The court continued that "We find that Orsini’s affidavit  constituted inadmissible  hearsay  and, as  such, could not support LaSalle’s motion for summary judgment..."
Orsini did not know who, how, or when the data entries were made into Home Loan Services’s computer system. He could not state if the records were made in the regular course of business. He relied on date supplied by Litton Loan Servicing, with whose procedures he was even less familiar. Orsini could state that  the  data  in the affidavit was accurate only insofar as it replicated the numbers derived from the company’s computer system. Despite Orsini’s intimate knowledge of how his company’s computer system works, he had no knowledge of how that data was produced, and he was not competent to authenticate that data. Accordingly, Orsini’s statements could not be admitted under  section 90.803(6)(a),  and the affidavit of indebtedness constituted inadmissible hearsay.
On a separate issue in this appeal, the court stated:
The trial court also entered sanctions against appellants’ counsel for filing a “form  affidavit” from  an expert, Rita  Lord, who opined on the ability of lay persons to distinguish between original and high-quality copies  of promissory notes. Lord did not represent in the affidavit that she reviewed the  papers  at  issue in this case.  Nevertheless, the trial court was distressed by appellants’ counsel’s habit  of  filing  “the  same affidavit in ten different cases, when [Lord] hasn’t seen the documents in this case.” The court awarded LaSalle its reasonable attorney’s fees for having to file a motion to strike Lord’s affidavit.
The trial court did not make any specific findings of bad faith on the record, and the sanctions order must be reversed without prejudice....“Upon remand, should the  court  be  asked to  reconsider  the  issue,  any  future  hearing and order must comply with the requirements of Moakley.” [citation omitted].
The opinion was discussed in THIS Daily Business Review article titled "4th DCA bars affidavit over failure to verify" [subscription required].

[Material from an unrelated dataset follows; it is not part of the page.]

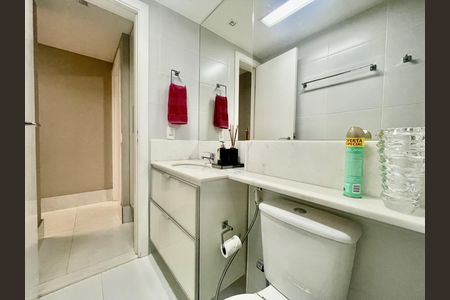 Apartamento à venda com 92m², 3 quartos e 2 vagas Apartamento à venda com 92m², 3 quartos e 2 vagasBanheiro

Subrogation Is Not Available To An Amount Greater Than Paid By Insurer

In McCabe v. Florida Power and Light Company (4D10-1306), the "Plaintiff  received the policy limits  from his  homeowner’s insurer and FIGA for his  losses, as well as an additional $15,000 from FPL,  totaling $296,900. He never signed a full  release  in  favor of his insurance company, FIGA, or FPL for  the loss. In this action, Plaintiff sought over $600,000 in itemized damages, executed an affidavit, and gave a deposition with regard thereto."

The court stated that "the  insurer’s and FIGA’s satisfaction and releases do not bind Plaintiff even if FPL may be entitled to a collateral source set-off at some future point in the proceedings. An insurer and  successor in interest may subrogate to the rights of its insured but subrogation 'is not available to an extent greater than the amount paid by the insurer, and then only after the insured has been fully indemnified'.”

Ultimately, the court held that:
(1)  the circuit  court erred in granting final summary judgment, as  the amount of damages is a fact still in dispute; and (2) the insurer’s and FIGA’s (the Florida Insurance Guaranty Association) satisfaction and releases do not bind Plaintiff even if FPL may be entitled  to a collateral source set-off at some  future point in the proceedings.